Records provided »
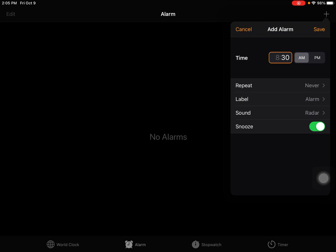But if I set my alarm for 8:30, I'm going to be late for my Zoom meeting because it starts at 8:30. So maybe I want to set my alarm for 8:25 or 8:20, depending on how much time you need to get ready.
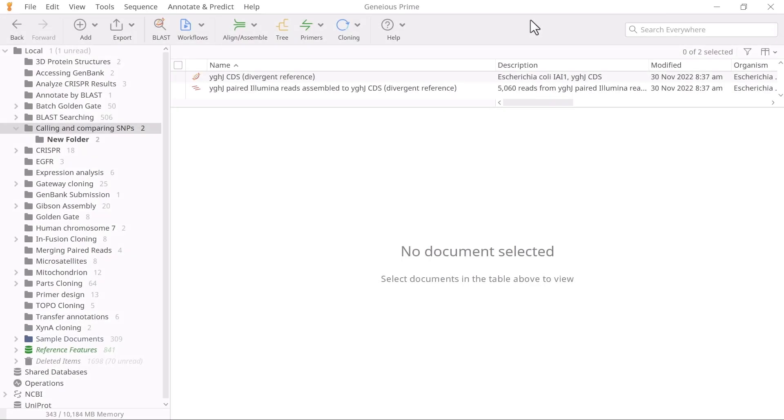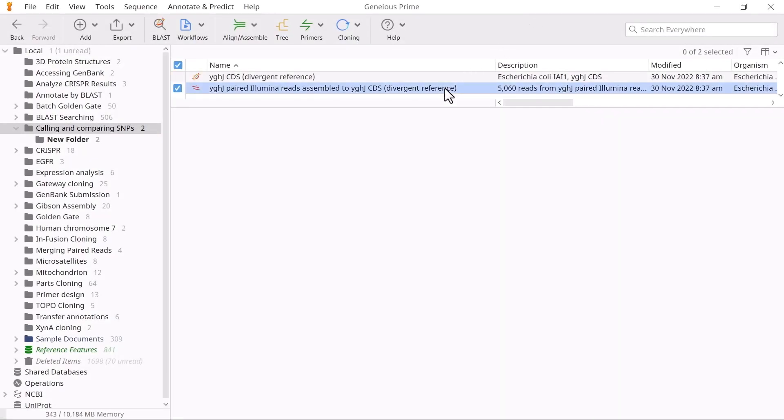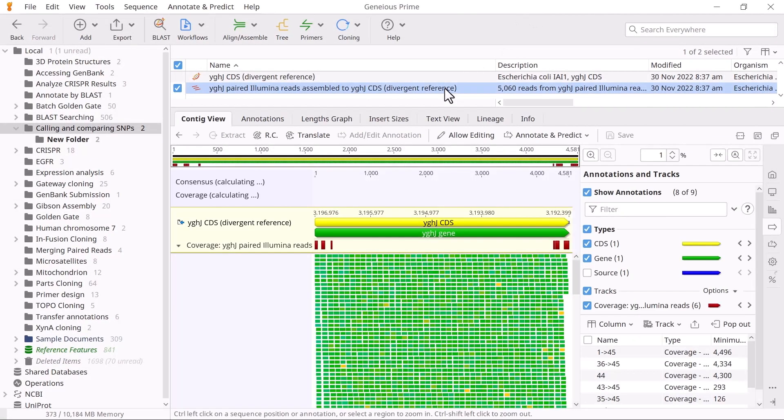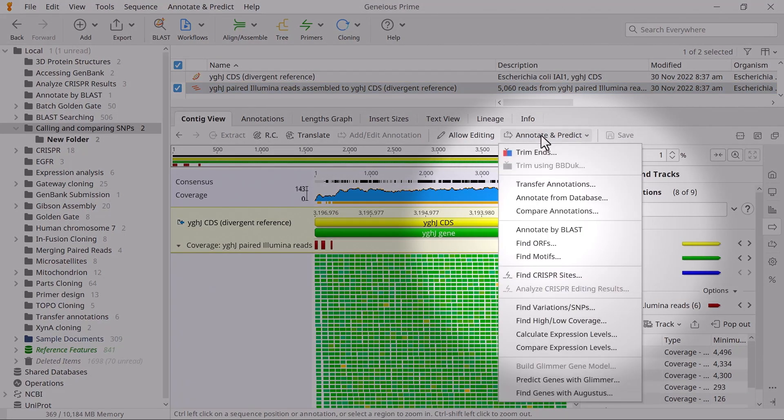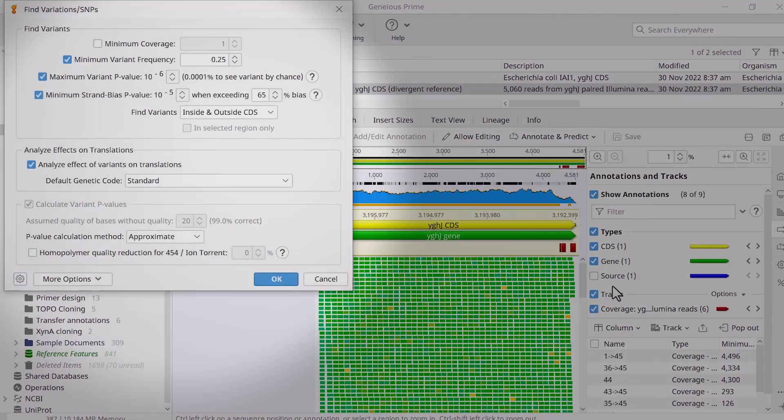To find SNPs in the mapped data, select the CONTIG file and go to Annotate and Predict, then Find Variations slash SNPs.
--
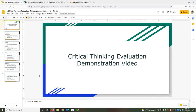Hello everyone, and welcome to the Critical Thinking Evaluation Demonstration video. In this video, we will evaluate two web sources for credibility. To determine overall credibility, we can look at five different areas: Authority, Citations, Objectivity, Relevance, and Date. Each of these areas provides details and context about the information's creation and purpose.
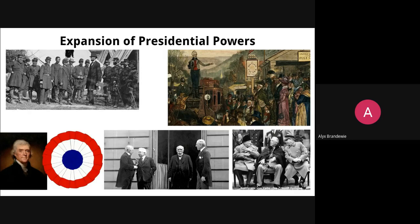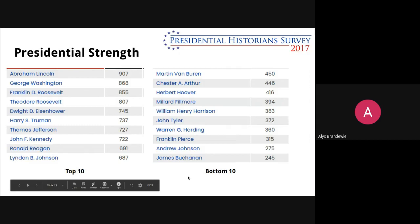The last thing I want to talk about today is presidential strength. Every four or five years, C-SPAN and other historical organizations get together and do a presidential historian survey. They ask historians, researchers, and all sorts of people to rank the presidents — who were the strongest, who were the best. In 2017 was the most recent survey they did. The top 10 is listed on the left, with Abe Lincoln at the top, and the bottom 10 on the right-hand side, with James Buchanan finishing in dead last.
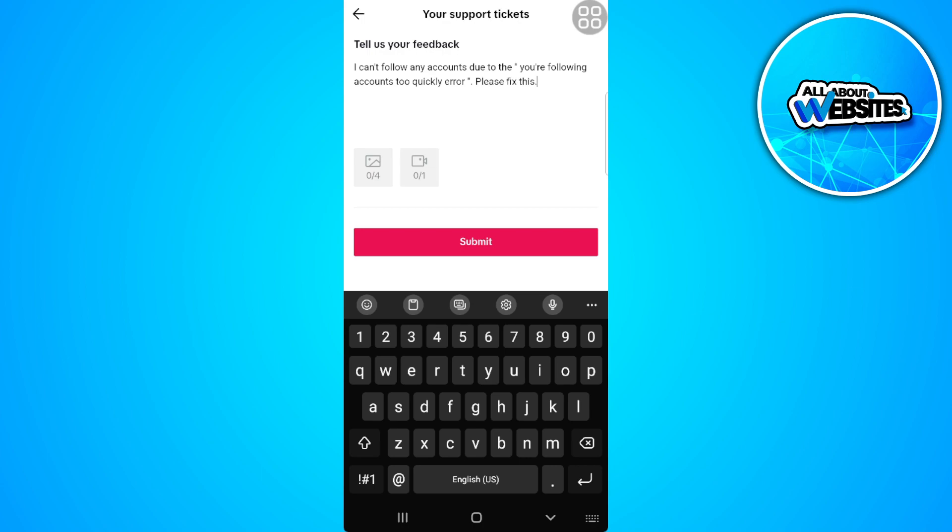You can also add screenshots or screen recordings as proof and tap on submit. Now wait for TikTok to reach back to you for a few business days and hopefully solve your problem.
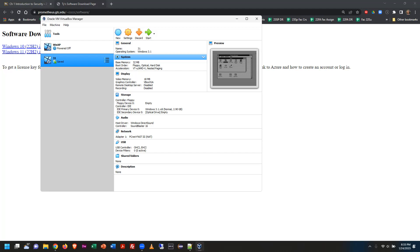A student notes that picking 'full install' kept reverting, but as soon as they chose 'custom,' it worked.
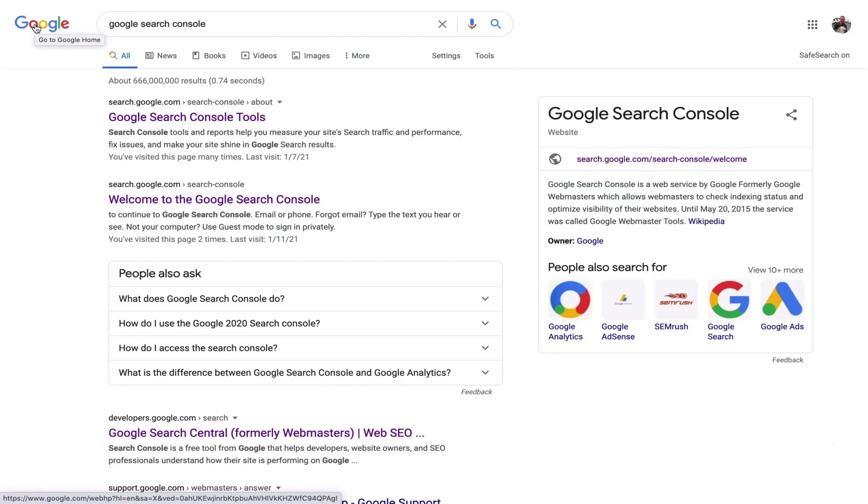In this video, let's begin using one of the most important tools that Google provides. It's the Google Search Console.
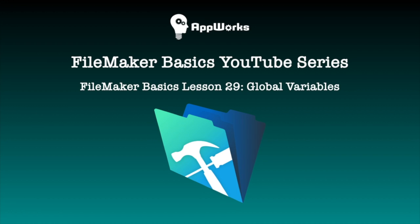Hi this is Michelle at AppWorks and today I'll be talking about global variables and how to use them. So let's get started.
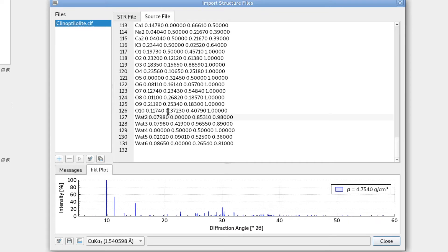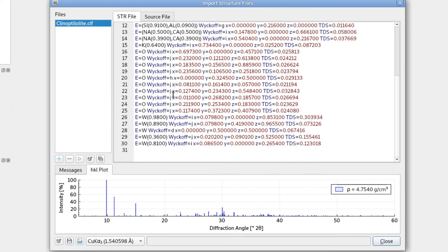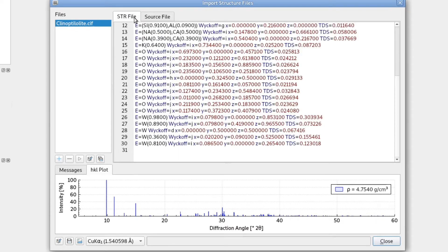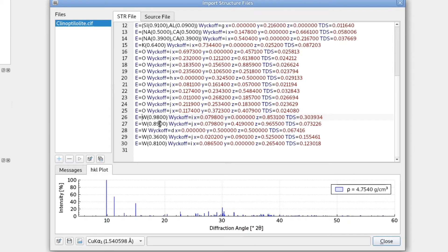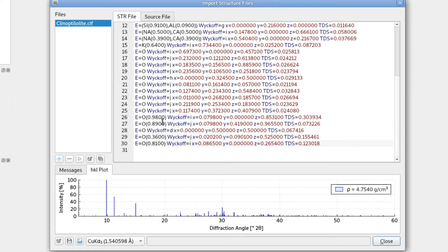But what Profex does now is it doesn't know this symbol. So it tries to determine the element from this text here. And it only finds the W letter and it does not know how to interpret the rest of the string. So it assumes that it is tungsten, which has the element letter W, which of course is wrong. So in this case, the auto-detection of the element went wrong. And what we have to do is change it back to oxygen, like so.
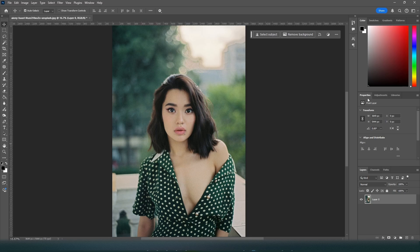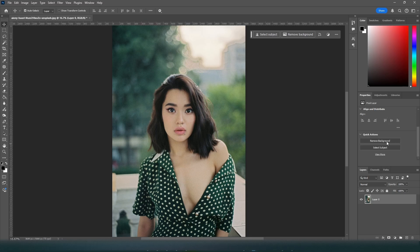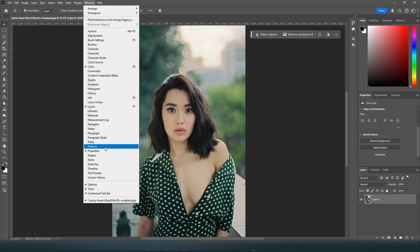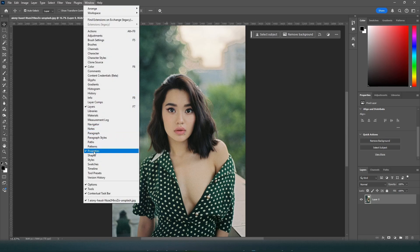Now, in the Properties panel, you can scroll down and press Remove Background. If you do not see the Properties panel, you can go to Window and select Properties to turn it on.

Instructions for the task »
Among the entries above, take the lines from the one with "You can also" through the one with "A student notes" and retype them exactly, leaving out the pictures.

Result of this exercise »
You can also add screenshots or screen recordings as proof and tap on submit. Now wait for TikTok to reach back to you for a few business days and hopefully solve your problem.
A student notes that picking 'full install' kept reverting, but as soon as they chose 'custom,' it worked.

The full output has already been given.